South Africa athlete Oscar Pistorius is determined to win a medal at next year's London Olympics and Paralympics.
The sprinter is the only Paralympian to win an able-bodied World Championship medal after running in the 4x400m relay heats in Daegu.
Pistorius, 24, the first amputee athlete to race in the competition, had earlier finished last in his 400m semi-final, clocking 45.39 seconds.
But he said: "I want to compete in both [the Olympics and Paralympics]."
Speaking to BBC Breakfast TV, he added: "I will be running the 100m, 200m and 400m in the Paralympics.
"I've got to run one more qualification time for the Olympics between January and June next year.
"Maybe in the relay we can get medals [in the Olympics and Paralympics] if we double up on our performance from this time around?
"I think we will have a tough order in the Olympic year. Everybody will be focusing on that."
Pistorius had both legs amputated when he was just 11 months old and runs with carbon-fibre prosthetic limbs.

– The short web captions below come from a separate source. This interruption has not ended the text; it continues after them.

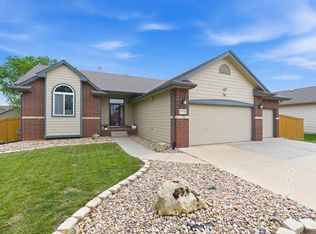 1024 N Crest St, Wichita, KS 67206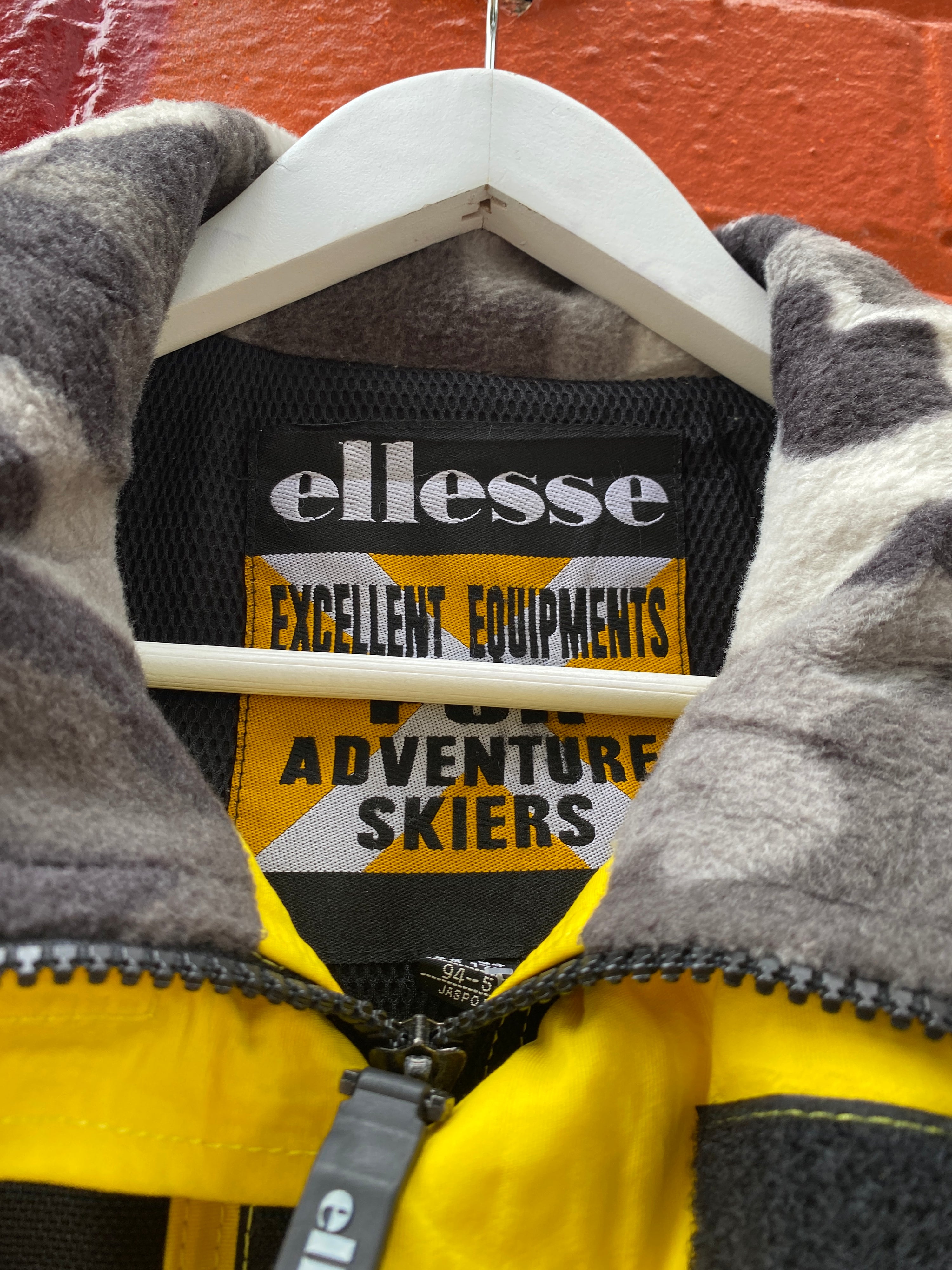 L - Ellesse Bright Yellow Snow Jacket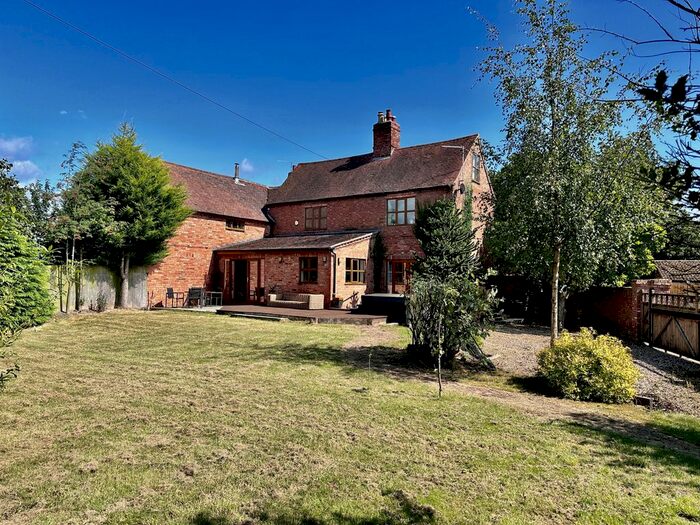 4 Bedroom Country House For Sale In Bourton On Dunsmore, Rugby, Warwickshire, CV23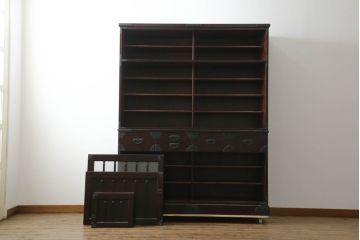 中古　美品!!　国産民芸家具　重厚感ある佇まいが魅力的な金具付き二段重ね水屋箪笥(食器棚、戸棚、収納棚、キャビネット、重ねタンス)(R-075137)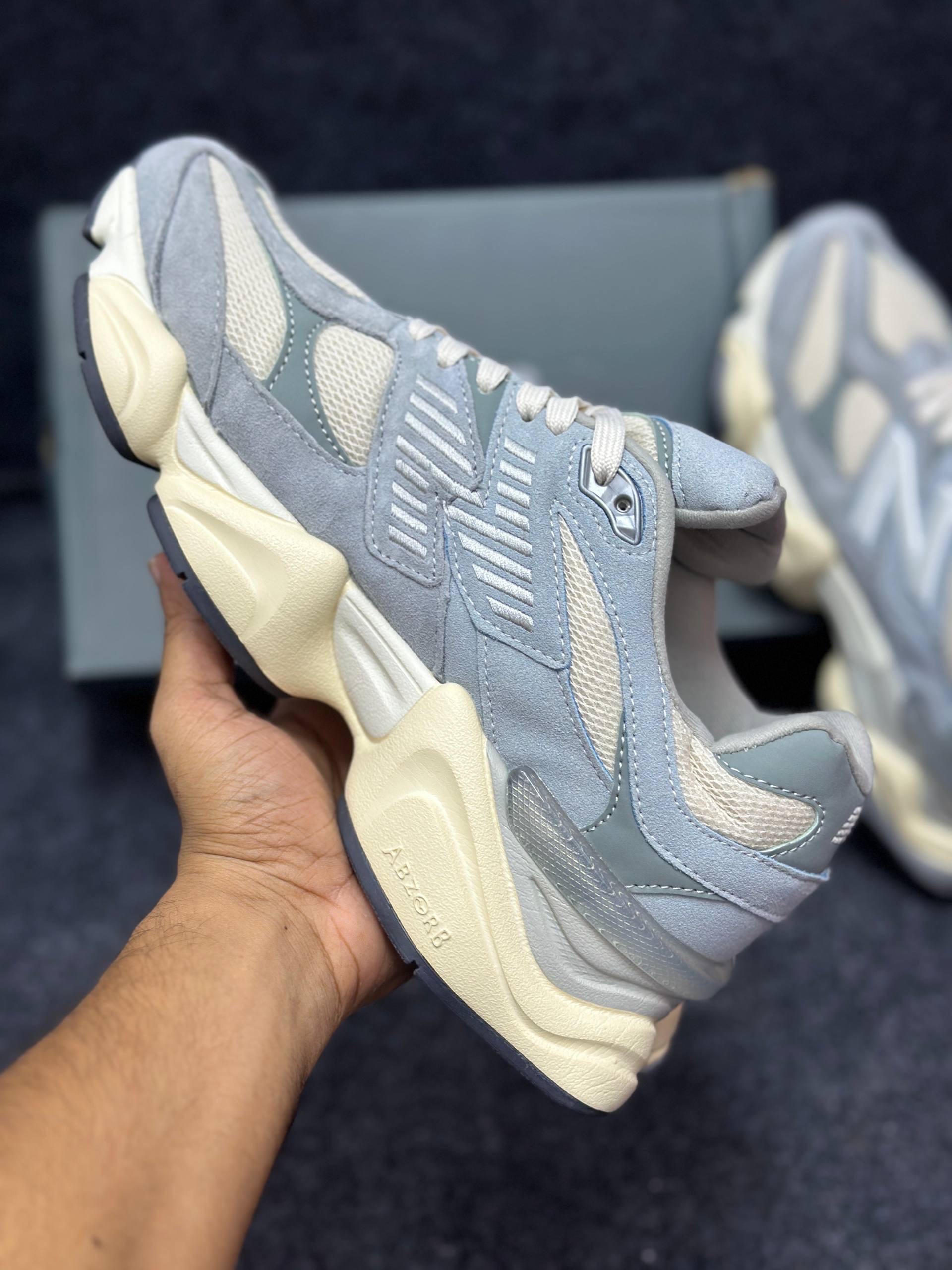 New Balance 9060: Pearl Grey thumbnail 3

He was only cleared to race able-bodied athletes in 2008 and the World Championships, where he won a relay silver, was the first major able-bodied event he took part in.
And he added: "Being able to compete in this year's World Championships was a huge dream come true for me.
"I wanted to go there and make the semi-final and gain as much as experience as possible and I walked away with a smile on my face. I think I can [go faster]."
Pistorius, known as 'Blade Runner', was left out of South Africa's 4x400m relay team for the final, despite running in the heats.
He said: "I don't know what happened there with the management deciding they didn't want to run me in the final.
"I was a bit disappointed. I ran a national record in the semi-final and it was quicker than the South African team ended up running in the final.
"But the South African team ran a cracker of a race in the final and managed a silver medal, which I don't think anyone expected."
Earlier, Pistorius walked out of an interview with BBC Radio 4 when he was asked by Rob Bonnet if he was an "inconvenient embarrassment" to the South African authorities.
Bonnet asked: "Some people regard you as an inspiration to Paralympic athletes - but it might also be said that you're a inconvenient embarrassment to the South African authorities and the IAAF because you're taking them into uncharted ethical waters. How do you respond to that?"
Pistorius replied: "I think that's an insult to me," before ending the interview.